A lire ce texte que je vous joins ici, en lien, on ne peut que comprendre et soutenir la CGT et FO tant ce texte est déséquilibré et fait pencher la balance du côté de la flexibilité. La sécurisation des parcours pour les travailleurs est très malmenée dans ce texte malgré quelques petites avancées.

Côté flexibilité, figurent notamment la possibilité de baisser les salaires et/ou le temps de travail en cas de difficulté. Y figurent aussi des mesures pour faciliter et "déjudiciariser" les licenciements et la possibilité de restructurer, sans plan social, via une mobilité obligatoire.

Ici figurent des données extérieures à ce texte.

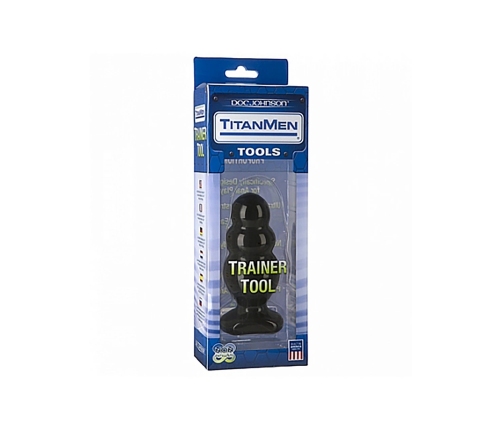 Trainer Tool 4 - 4 / 10 cm - Black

Face à ces accords qui détruisent notre Code du Travail et introduisent la flexibilité dans celui-ci, il y a en contrepartie, de nouveaux droits octroyés aux salariés et aux chômeurs: généralisation d'une complémentaire santé, limitation des temps partiels ou encore droits rechargeables à l'assurance-chômage.

C’est peu dire que l’échange est cynique, d’un côté la flexibilité, de l’autre des droits minimes pour ceux qui seront, du fait de la flexibilité, mis au chômage et poussés dans la précarité. En clair cela revient à pousser les salariés au chômage et leur laisser une bouée de sauvetage « trouée ».

Ce texte officialise le fait que chacun d’entre nous pourra être débarqué du bateau de l’emploi en contrepartie d’une « bouée temporaire dans l’océan de la précarité. »

Concrètement voici les principaux points, qui pour s'appliquer, devront être confirmés dans la loi et qui si ils le sont, seront un marqueur de plus des reniements du gouvernement Ayrault qui s’éloignera alors, encore un peu plus, du changement tant attendu au moment de l’élection de François Hollande.

Sécurisation des salariés et chômeurs

Surcotisation chômage (patronale) sur les CDD de "surcroît d'activité" et sur les très nombreux CDD dits d'usage. En échange, exonération de 3 à 4 mois (selon la taille de l'entreprise) pour l'embauche d'une personne de moins de 26 ans en CDI, et CDI pour les intérimaires à définir par la branche.

Accès généralisé à une complémentaire santé collective (financée pour moitié par l'employeur) avec un panier "minimum": 100% de la base Sécu pour une consultation, 125% pour les prothèses dentaires et forfait optique de 100 euros par an.

"droits rechargeables à l'assurance-chômage" pour que les chômeurs conservent une partie de leurs reliquats. Cela doit passer par une renégociation en 2013 de la convention UNEDIC.

Maintien des droits santé et prévoyance pendant 12 mois pour les chômeurs

Voix délibérative pour 1 à 2 salariés dans les organes de décision des grands groupes (5.000 salariés en France ou 10.000 dans le monde).

accès des représentants de salariés à une "base de données unique" (investissements, rémunérations, flux financiers, sous-traitance, etc.) pour "anticiper", grâce à un "dialogue renforcé", les évolutions. Flexibilité pour les entreprises

accords "de maintien dans l'emploi": en contrepartie de l'engagement de ne pas licencier, une entreprise en difficulté peut conclure un accord majoritaire pour "ajuster" temps de travail et rémunérations, sans passer par un plan social si elle licencie au moins 10 salariés refusant ces changements. Durée: 2 ans maximum. Quand l'entreprise va mieux, elle doit "partager le bénéfice économique" de l'accord avec les salariés.

Des plans sociaux facilités, "fixés" (procédure et contenu) soit par accord majoritaire avec les syndicats, soit par une homologation administrative dans les 21 jours, avec des délais de contestation maximum préétablis.

temps partiels: minimum de 24h par semaine, sauf cas particuliers, lissage possible sur l'année. Majoration au-delà de la 1ère heure (10% ou 25% selon cas). Encore plus de facilités pour l'employeur de "moduler le temps de travail". restructurations facilitées: mobilité interne obligée (à salaire ou classification maintenus) si un accord d'entreprise l'organise (conditions d'éloignement, etc.). Licenciement pour "motif personnel" en cas de refus.

Pour les licenciements individuels: en cas d'accord en conciliation aux Prud'hommes, "indemnité forfaitaire" à l'ancienneté (plafonnée à 14 mois de salaire pour 25 ans). Si pas de conciliation, le juge reste souverain. prescription des contestations de licenciement après 2 ans (3 ans pour les litiges sur les salaires).